Since the pictures are not wanted, retype the listing below exactly and without them.

*** Available data Section Begins ***

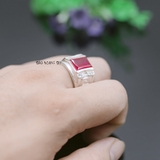 Nhẫn Bạc Nam Phong Thủy Đá Đỏ N2408080011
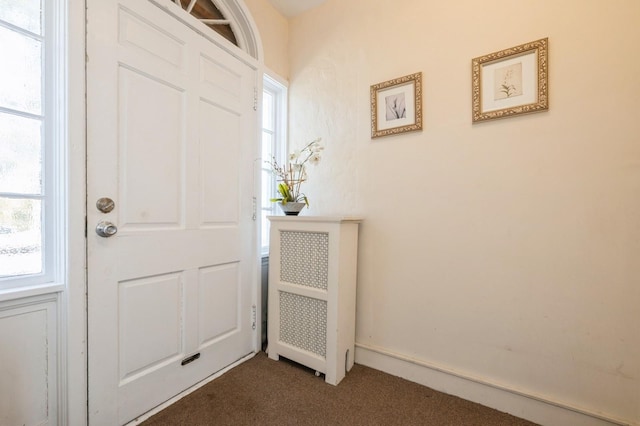 entryway with a wealth of natural light, dark carpet, and baseboards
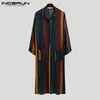 Ethnic Clothing INCERUN Men Robe Vintage Striped Long Sleeve Muslim Kaftan O Neck Buttons Jubba Thobe Pockets Dubai Arabic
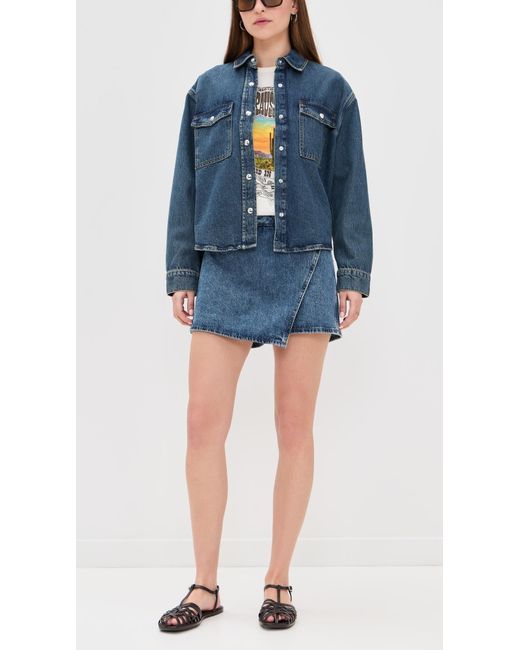 Madewell Blue Wrap Micro Mini Skort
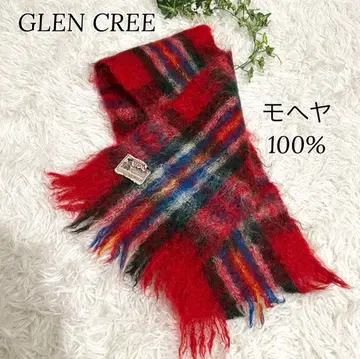 GLEN CREE 모헤어 100% 체크 머플러 빈티지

*** Available data Section Ends ***

### Exercise answer
 Nhẫn Bạc Nam Phong Thủy Đá Đỏ N2408080011
 entryway with a wealth of natural light, dark carpet, and baseboards
 Ethnic Clothing INCERUN Men Robe Vintage Striped Long Sleeve Muslim Kaftan O Neck Buttons Jubba Thobe Pockets Dubai Arabic
 Madewell Blue Wrap Micro Mini Skort
 GLEN CREE 모헤어 100% 체크 머플러 빈티지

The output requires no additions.